Each entry should be set down again verbatim, with the images omitted.

--- Information supplied Enclosed Below ---

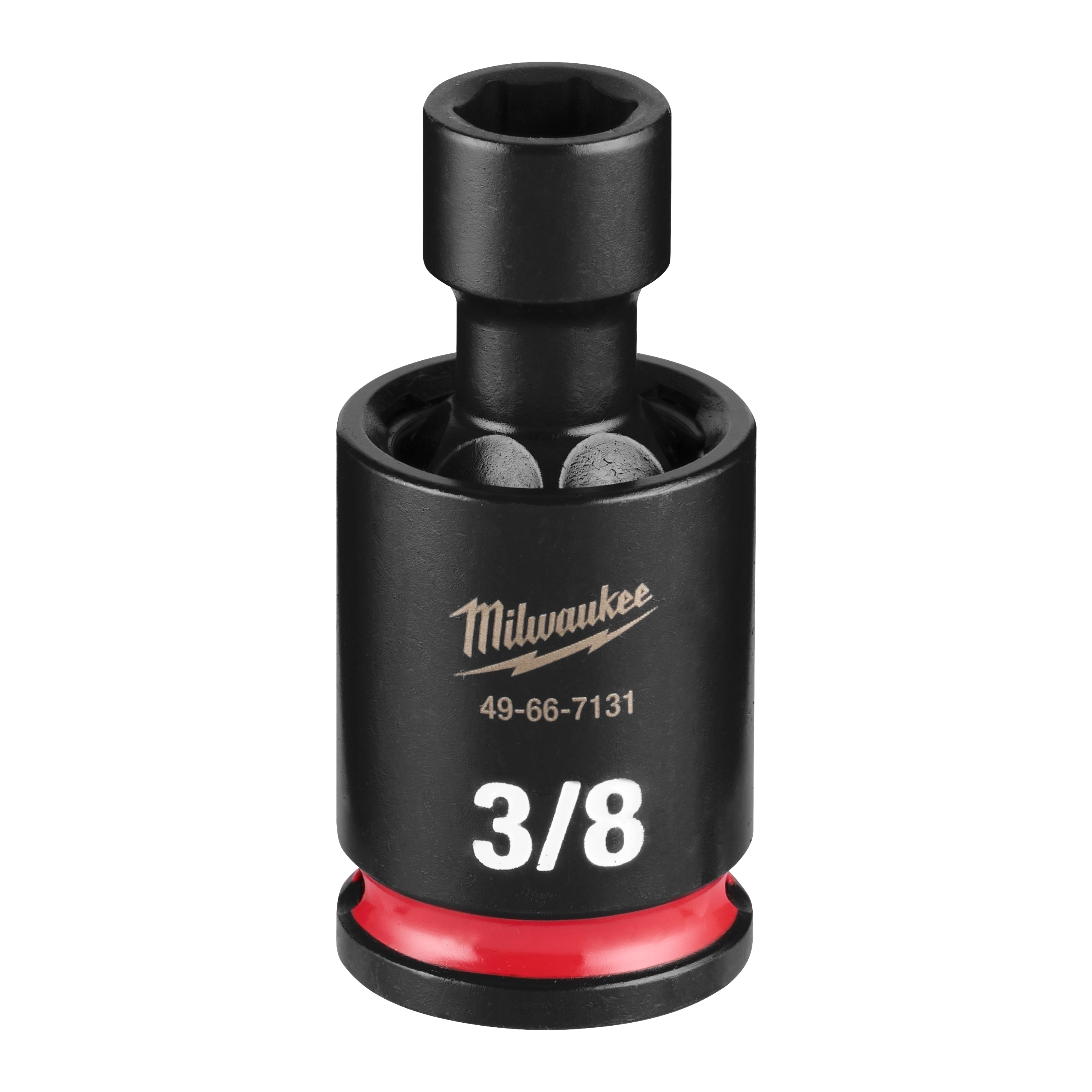 Black SHOCKWAVE Impact Duty 3/8" Drive 3/8" Standard Swivel Socket with white 3/8 text and red ring base.
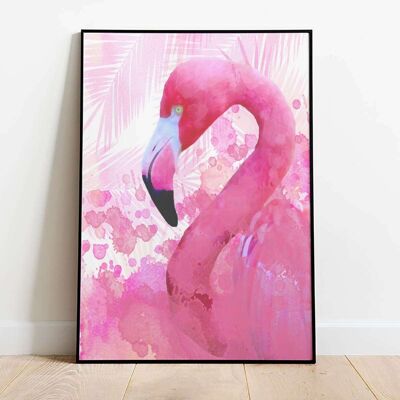 Watercolour Pink Flamingo Nursery Poster (42 x 59.4cm)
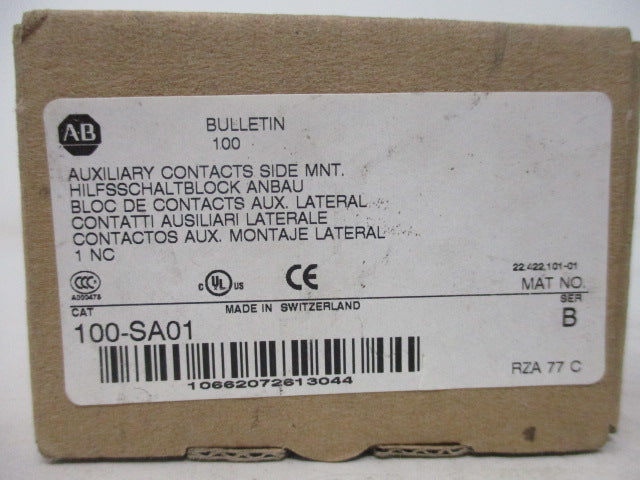 Allen Bradley via TCS 100SA01 Ser. B NSFP (BR/WH) 100 SA01
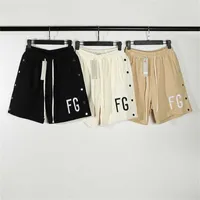 Men's Shorts Summer Double Thread Rich Fg Letter Embroidered Loose Sweatpants Men's and Women's Casual Breasted Five Point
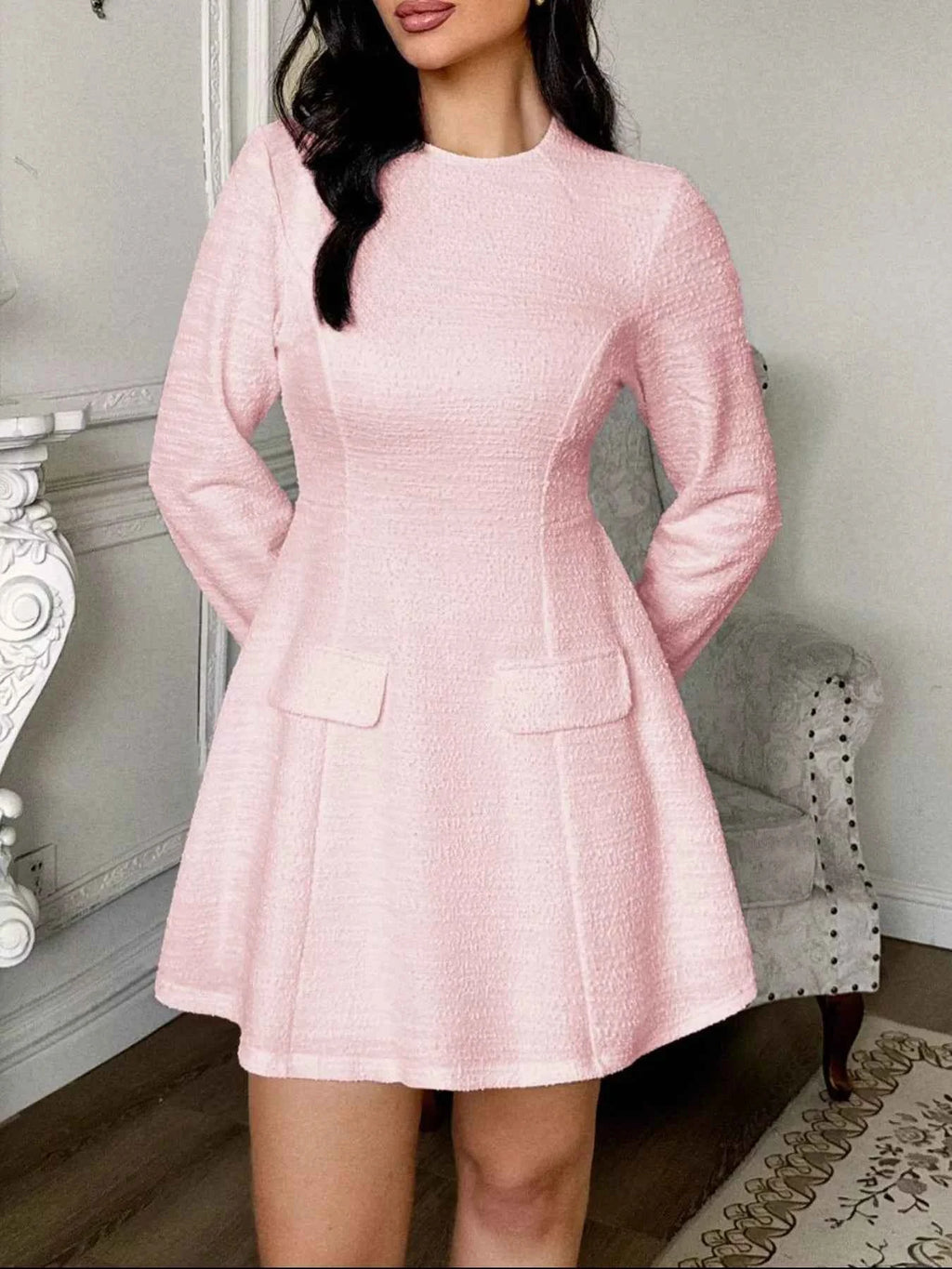 Cutout Back Long Sleeve Mini Dress 3bab4045-8a76-4966-9411-efba9103f013-Max-Origin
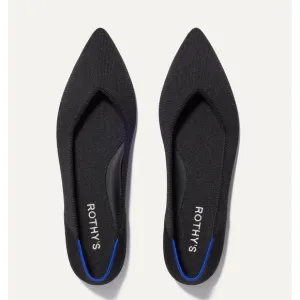 Rothy's The Point Flats - Black Knit Comfortable Pointed Ballet Shoes - Size 9
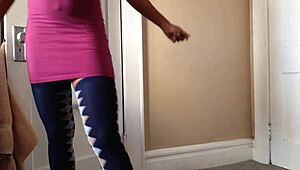 Upskirt Thigh Highs Heels Tease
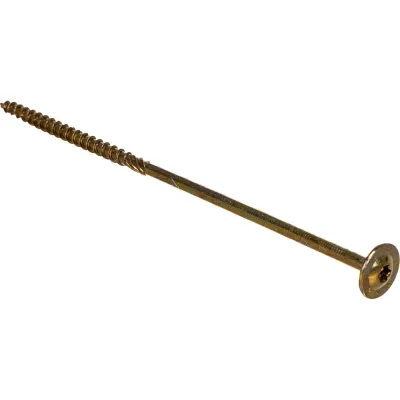 Саморез по дереву HIMTEX проф. желт. тарельчатая голова Torx 40, 8x240, 50 шт. 08240Wh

--- End of Enclosed Information supplied ---

Exercise solution -
 Black SHOCKWAVE Impact Duty 3/8" Drive 3/8" Standard Swivel Socket with white 3/8 text and red ring base.
 Watercolour Pink Flamingo Nursery Poster (42 x 59.4cm)
 Allen Bradley via TCS 100SA01 Ser. B NSFP (BR/WH) 100 SA01
 Men's Shorts Summer Double Thread Rich Fg Letter Embroidered Loose Sweatpants Men's and Women's Casual Breasted Five Point
 Cutout Back Long Sleeve Mini Dress 3bab4045-8a76-4966-9411-efba9103f013-Max-Origin
 Rothy's The Point Flats - Black Knit Comfortable Pointed Ballet Shoes - Size 9
 Upskirt Thigh Highs Heels Tease
 Саморез по дереву HIMTEX проф. желт. тарельчатая голова Torx 40, 8x240, 50 шт. 08240Wh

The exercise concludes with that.